Something deadly lay underneath! All the while Simon was saying to himself, “I can do that, too! Im gifted. I feel for people. Give me a chance!”
Simon had a dangerous mixture in his heart. It was a desire to be used by God — mixed with a desire for preeminence! He truly wanted God to use him, but he also needed recognition. He wanted power and place, without paying the right price! He wanted a shortcut.
So it is in the work of God today. Many are trying to take shortcuts to get to a place of power and usefulness. We offer our talents and abilities to the Lord — but if you have the talent and don’t have a servants heart, God cant use you!
In his third epistle, John tells of a man named Diotrephes who “loved to have the preeminence among them” (3 John 9).
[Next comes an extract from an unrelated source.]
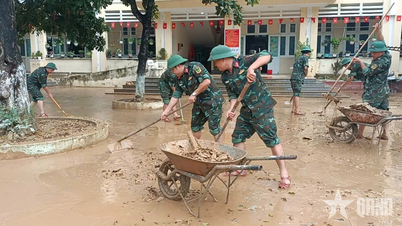 Az 5-ös katonai körzet segít a helyi lakosoknak és vállalkozásoknak Da Nangban leküzdeni az esőzések és árvizek következményeit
When things did not go his way, he began “prating against” the brethren with malicious words.
A “prater” is one who babbles over trifles. Diotrephes was offended by Johns message, and he began to gossip. His vanity had been pricked, his pride wounded. So he went about telling a story of being wounded by other servants of God. He disrupted the peace of the brethren and won many to his side.
This wasnt gross sin; it wasnt doctrinal error. It was the sin of impatience! He couldn’t wait for God to do the work. He wanted preeminence — and he probably sounded so right!
What has happened to cause this error in this church, are three errors.
Firstly, women have been encouraged into public ministry. There is a place for ministry for women within the church: they are to teach young women how to live. As a man, I am profoundly glad this was given to my sisters, because there is a stubborn streak in most women, who do not want to submit to the word of God let alone their husbands, and I’d rather women get into details together.
But when a woman goes all treacly and sweet in church, particularly to kids, and makes the gospel seem gentle, sweet and safe it makes me want to walk out of the building. That is not what Christ is. Moreover, there is a paucity of male leadership in this life, and we need to model how to teach to fathers, so they can instruct their children, as is their duty.
Secondly, this church wants to have the power of the Pentecostal. Without understanding that the Pentecostal church is wracked with difficulties: the amount of sexual sin and errors that have occurred is huge (go back and read all of Dave Wilkinson’s sermon) and without creed or structure, they can all to easily fall into error.
God gives power to whom he will, at the time that it is needed. He equips us for the task ahead of us. He will renew us. Turning to other models, to what appears to be successful, is akin to looking at the empire next door (Assyria in the time of Hosea) and hoping they will defend you instead of swallowing you up.
Finally, this wish to be blessed leads to impatience. It leads to an anger against God, that things are not perfect for you. That you have neither power, nor peace, nor marital harmony. Instead, all too often, the men in the church are fearful, anxious and weak, and the women angry that they are being placed in positions of power (while outwardly wanting them), tired, and deeply unhappy (while smiling and saying all the right spiritual things). Instead of turning to God, we turn to our favourite sins — gluttony is probably more common than lust — and then ask God to empower us in our disobedience.
And we start looking for rituals, for short cuts. We turn to the neofeminist theologians, who talk about nature worship, about rediscovering rituals for women and by women, and that witchcraft is not all that bad: that being angry with the male is perfectly appropriate.
And we see this move to spirituality as a way forward, a short cut, an access to power.
It is not. We need to repent: we need to purge the idols from within us, and around us. And most of them are not works of art, cups of silver, or altars. They are the habits that we put before God and doing our duty.
In this time, the biggest idol we need to purge is the institutionalized worship of ourselves, usually called self esteem.